→ **TRY IT**: Each line that contains "with" needs to be copied from the listing.

→ **SOURCE DATA**:
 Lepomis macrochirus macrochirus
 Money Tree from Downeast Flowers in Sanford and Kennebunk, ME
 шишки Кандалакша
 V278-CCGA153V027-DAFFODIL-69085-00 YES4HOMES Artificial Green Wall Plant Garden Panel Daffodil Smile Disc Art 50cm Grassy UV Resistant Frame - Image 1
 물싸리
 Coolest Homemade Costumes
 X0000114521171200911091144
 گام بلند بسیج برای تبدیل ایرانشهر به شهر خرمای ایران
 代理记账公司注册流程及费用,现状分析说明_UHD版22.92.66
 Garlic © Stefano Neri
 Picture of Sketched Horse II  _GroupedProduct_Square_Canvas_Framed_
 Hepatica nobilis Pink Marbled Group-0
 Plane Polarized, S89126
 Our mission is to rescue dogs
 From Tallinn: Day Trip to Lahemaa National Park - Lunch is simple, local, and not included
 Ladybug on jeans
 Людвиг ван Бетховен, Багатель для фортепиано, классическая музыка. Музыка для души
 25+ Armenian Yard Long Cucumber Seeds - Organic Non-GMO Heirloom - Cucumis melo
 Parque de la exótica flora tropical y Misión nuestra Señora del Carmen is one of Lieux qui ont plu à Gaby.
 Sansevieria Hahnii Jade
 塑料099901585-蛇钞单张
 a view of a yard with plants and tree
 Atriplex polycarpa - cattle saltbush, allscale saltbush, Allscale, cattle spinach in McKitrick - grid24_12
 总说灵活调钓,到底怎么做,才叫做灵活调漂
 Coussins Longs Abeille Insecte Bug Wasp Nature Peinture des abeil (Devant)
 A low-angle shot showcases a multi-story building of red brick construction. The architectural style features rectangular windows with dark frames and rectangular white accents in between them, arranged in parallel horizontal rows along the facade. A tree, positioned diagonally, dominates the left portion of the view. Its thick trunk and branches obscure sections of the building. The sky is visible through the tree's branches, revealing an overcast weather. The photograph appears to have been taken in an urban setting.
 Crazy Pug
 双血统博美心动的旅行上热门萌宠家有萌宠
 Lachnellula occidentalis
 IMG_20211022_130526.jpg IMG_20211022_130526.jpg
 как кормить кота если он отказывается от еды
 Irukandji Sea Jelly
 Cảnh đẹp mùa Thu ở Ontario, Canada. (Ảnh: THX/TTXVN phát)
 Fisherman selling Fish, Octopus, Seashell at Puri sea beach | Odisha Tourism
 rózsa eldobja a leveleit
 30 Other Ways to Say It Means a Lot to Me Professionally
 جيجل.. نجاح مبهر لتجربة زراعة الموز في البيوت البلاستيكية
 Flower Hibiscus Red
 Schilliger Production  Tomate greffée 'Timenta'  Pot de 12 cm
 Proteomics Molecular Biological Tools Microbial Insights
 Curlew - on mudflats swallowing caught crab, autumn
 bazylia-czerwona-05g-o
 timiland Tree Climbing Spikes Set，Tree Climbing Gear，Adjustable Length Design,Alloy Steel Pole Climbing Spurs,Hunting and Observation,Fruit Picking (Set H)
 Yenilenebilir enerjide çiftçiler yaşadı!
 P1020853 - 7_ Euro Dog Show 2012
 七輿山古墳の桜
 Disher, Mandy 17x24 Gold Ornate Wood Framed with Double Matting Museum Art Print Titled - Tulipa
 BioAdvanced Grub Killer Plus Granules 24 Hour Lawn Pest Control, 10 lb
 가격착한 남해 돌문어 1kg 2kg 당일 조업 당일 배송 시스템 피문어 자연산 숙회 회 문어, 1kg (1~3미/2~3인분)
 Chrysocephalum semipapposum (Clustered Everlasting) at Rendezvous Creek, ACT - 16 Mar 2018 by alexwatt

→ **REPLY TO THE TASK**:
 a view of a yard with plants and tree
 A low-angle shot showcases a multi-story building of red brick construction. The architectural style features rectangular windows with dark frames and rectangular white accents in between them, arranged in parallel horizontal rows along the facade. A tree, positioned diagonally, dominates the left portion of the view. Its thick trunk and branches obscure sections of the building. The sky is visible through the tree's branches, revealing an overcast weather. The photograph appears to have been taken in an urban setting.
 Disher, Mandy 17x24 Gold Ornate Wood Framed with Double Matting Museum Art Print Titled - Tulipa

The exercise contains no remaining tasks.